Food for Thought OK, Says GAO
- By Brian Friel
- March 7, 1997
- Comments
Federal managers seeking to reward their employees for excellent work are chock full of ideas for non-monetary awards these days. There's plaques and certificates, honorary designations and good ol' pats-on-the-back. But the National Security Agency apparently thinks the best way to touch special employees' hearts is through their stomachs.
The agency wants to reward high-performing employees with meals and gift certificates to restaurants. But NSA officials weren't sure they had the legal authority to do so, so they asked the General Accounting Office for its opinion. Careful not to take such a delicate subject lightly, GAO, along with the Office of Personnel Management, scrutinized a provision of the Government Employees Incentive Awards Act that allows agencies to "incur necessary expenses for the honorary recognition of employees."
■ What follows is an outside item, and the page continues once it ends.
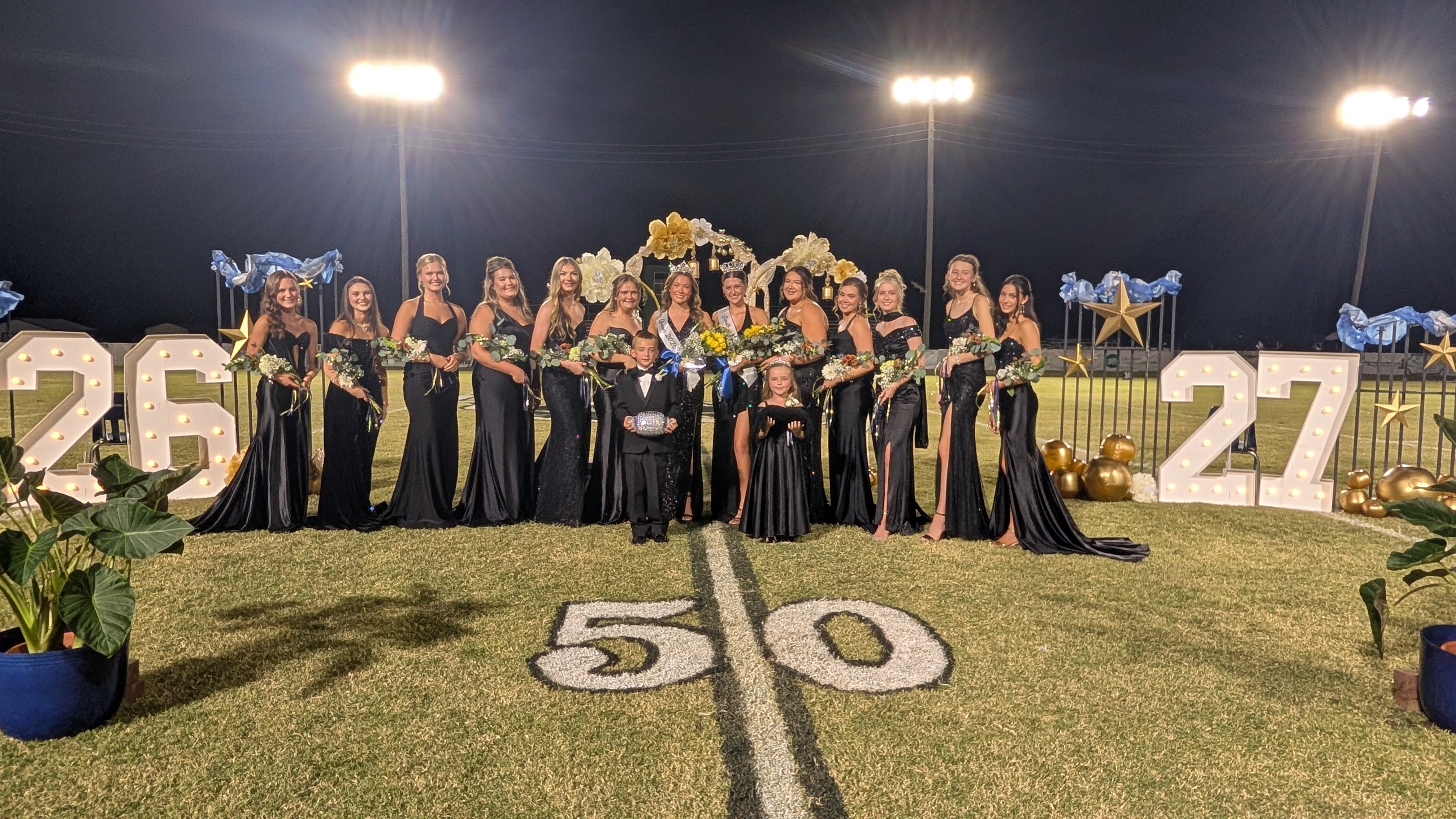 Pictured left to right are Alivia Nixon, Riley Swan, Brinley Allred, Zoey Hunter, Brynne Stover, Anna Brown, Leah Brewer, Sadie Hall, Ella Wooden, Anslee Aud, Erin Vinson, Emily Reed, Emerlynn Stratton. Mascots in front are Ridge Jones and Emerson Ashcraft.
Luckily for hungry do-gooders at NSA, the GAO and OPM found not only that vittles "represent a form of informal recognition award that would not jeopardize the credibility and integrity of the federal government's incentive awards program," but that the statute also permits "agencies to use operating appropriations to pay for refreshments and meals in connection with agency employee awards ceremonies."
However, before the NSA lets the feasts begin, OPM noted that agencies "should exercise good judgment when using food both as an award and to enhance an 'award ceremony.'" So the all-you-can-eat bar at Sizzler may be OK, but a seven-course-meal at a five-star restaurant is probably a bad idea.